Traditional chemotherapeutic drugs kill rapidly dividing cancer cells, but they can also destroy or damage many healthy cells. Developing less toxic interventions requires changing the target from rapidly-dividing cells to one that is specifically expressed in tumors and not in normal tissue.
DeMore’s laboratory is studying the role a novel angiogenesis factor, a protein known as secreted-frizzled-related protein 2 (SFRP2), plays in breast cancer. “The SFRP2 protein is overexpressed in tumor vessels, and later we found that it was overexpressed in a wide variety of tumors, including breast cancer,” said DeMore, who holds the BMW Endowed Chair in Cancer Research at MUSC.
The thought is to inhibit reactions downstream from SFRP2, selectively blocking tumor blood vessels from growing and reducing toxicity to normal tissue.
In preclinical studies, DeMore’s laboratory discovered that a SFRP2 protein has a novel function. The protein activates a mechanism called calcineurin/NFAT, which is critical in blood vessel and tumor growth.
Now the Hollings Cancer Center team seeks to test whether the calcineurin/NFAT mechanism, rather than other potential mechanisms, is driving breast tumor growth, and whether tumor development can be blocked by targeting this pathway. The researchers have developed a novel humanized antibody that has already proved effective in blocking the calcineurin/NFAT pathway and tumor development in cultured human cell models of breast cancer.
“We hope to find out whether our antibody inhibits tumor growth through the calcineurin/NFAT pathway instead of other pathways,” DeMore said.
The researchers plan to study the humanized antibody in an animal model to learn whether it disrupts the calcineurin/NFAT mechanism, preventing in vivo tumor growth while leaving normal tissue unaffected. Broome said the antibody recognizes a protein found on blood vessels.

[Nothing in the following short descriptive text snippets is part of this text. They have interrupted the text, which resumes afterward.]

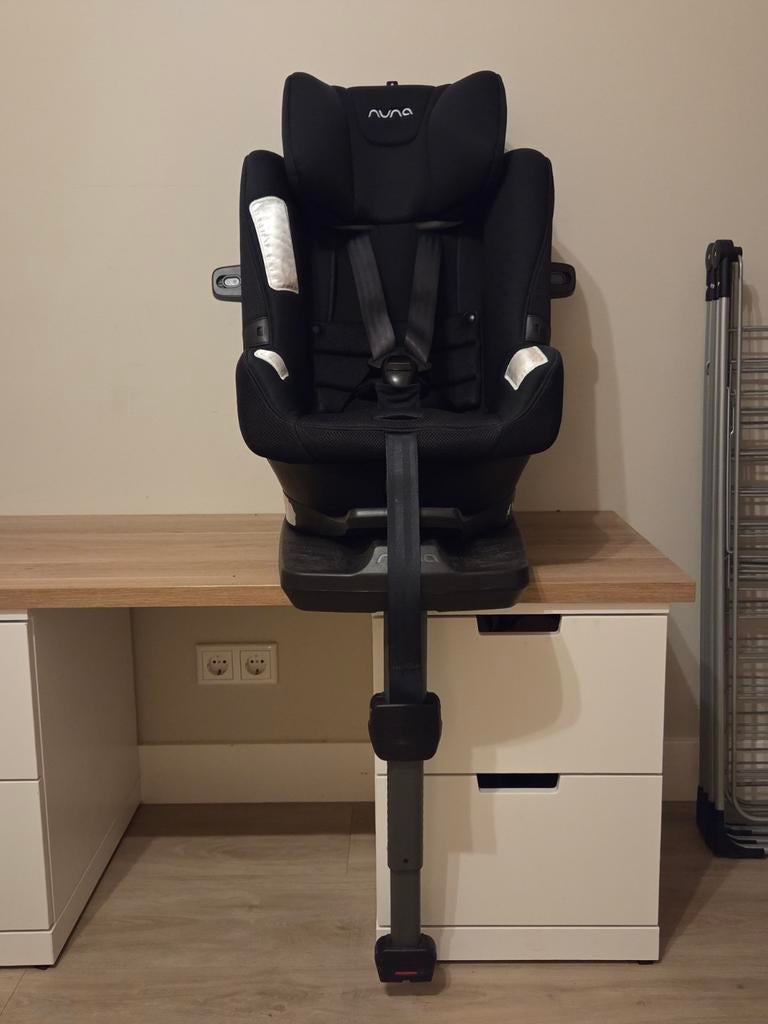 Nuna Prym autostoel, Verstelbare rugleuning, 0 t/m 18 kg, Zo goed als nieuw, Isofix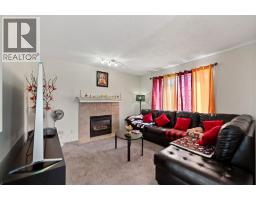 Dining room - 221 Tarington Close Ne, Calgary, AB T3J3V7 Photo 16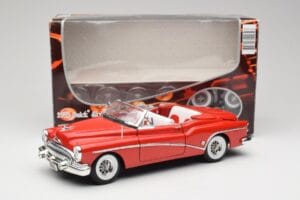 Buick Skylark Rouge Motormax 1:18 411393-M1 Métal Moulé — image 8 sur 8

“By impacting angiogenesis and blood vessel stability within tumors, we can alter the way these tumors are able to survive in the presence of that antibody. We’re creating a fine balance between cutting off the nutrients and normalizing the vasculature so that the tumors are less likely to progress.”

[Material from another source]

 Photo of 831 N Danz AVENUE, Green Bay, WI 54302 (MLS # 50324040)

The researchers will use real-time fluorescence imaging systems to highlight and reveal interactions among protein pathways within tumors that have not been seen using other methods. “The fluorescent systems, which are one of the most sensitive imaging tools available, give us faster, clearer images and more specific answers to the questions that we are asking,” Broome said. “It’s not enough just to know that there is a therapeutic response to the antibody. We want to know why and where there is a response.”

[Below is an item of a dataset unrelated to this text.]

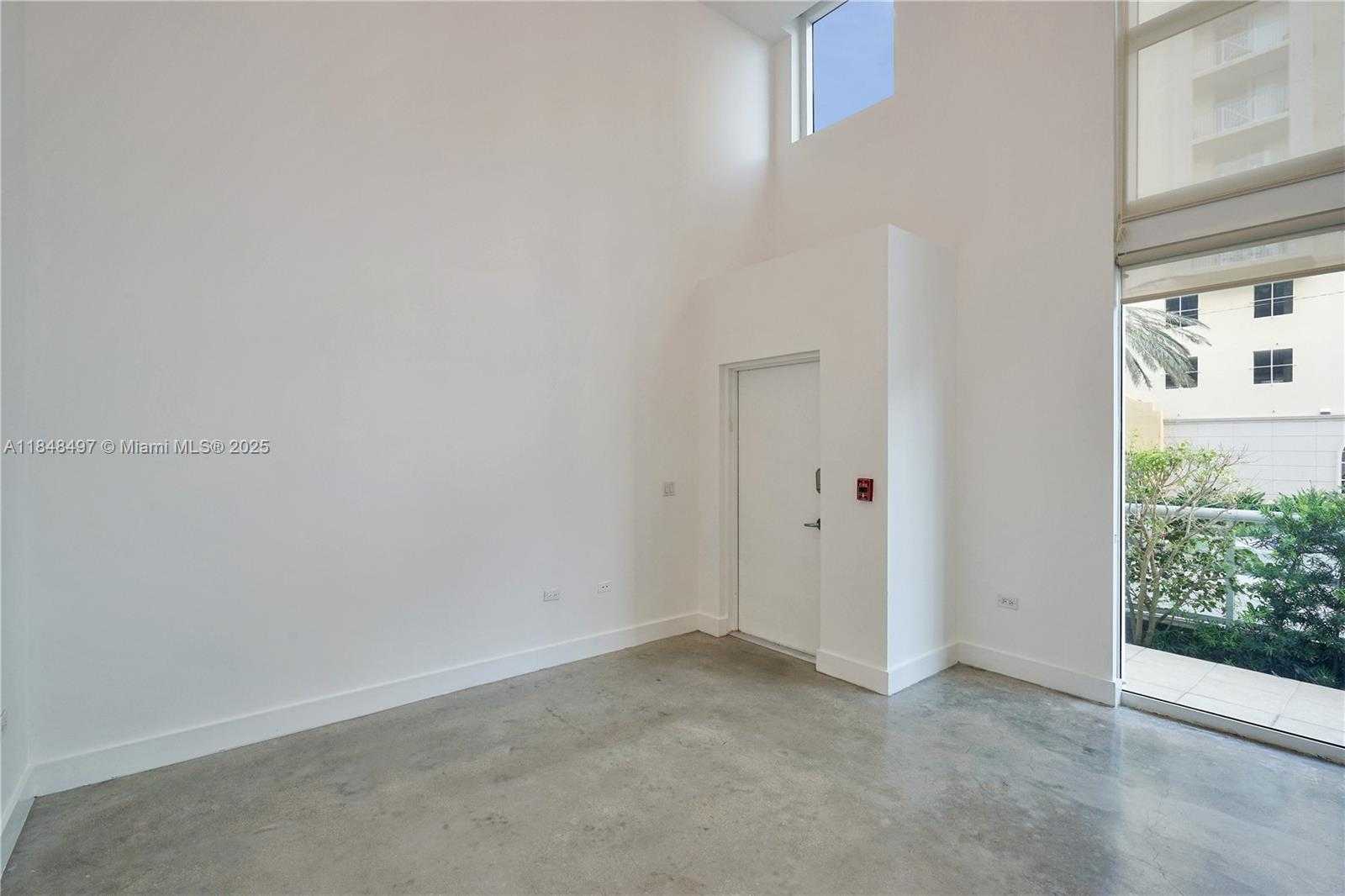 Small Image of 480 NORTH EAST 30TH ST #L106, Miami Number 4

The researchers will corroborate fluorescence imaging findings with other modalities, such as computed tomography (CT) images and bioluminescence tools. Tracking SFRP2 pathways with innovative imaging tools could eventually help clinicians track tumor growth and monitor response to chemotherapy. Another aim of the study is to combine the humanized antibody with other drugs commonly used for breast cancer and look for an additive or synergistic effect.
The DOD grant also supports a related study by Shikhar Mehrotra, Ph.D., investigating whether SFRP2 may also play an important role in immune cell function.
A potential treatment is not yet available for human studies, but the team plans to obtain funding for further drug development that could lead to a Phase I clinical trial.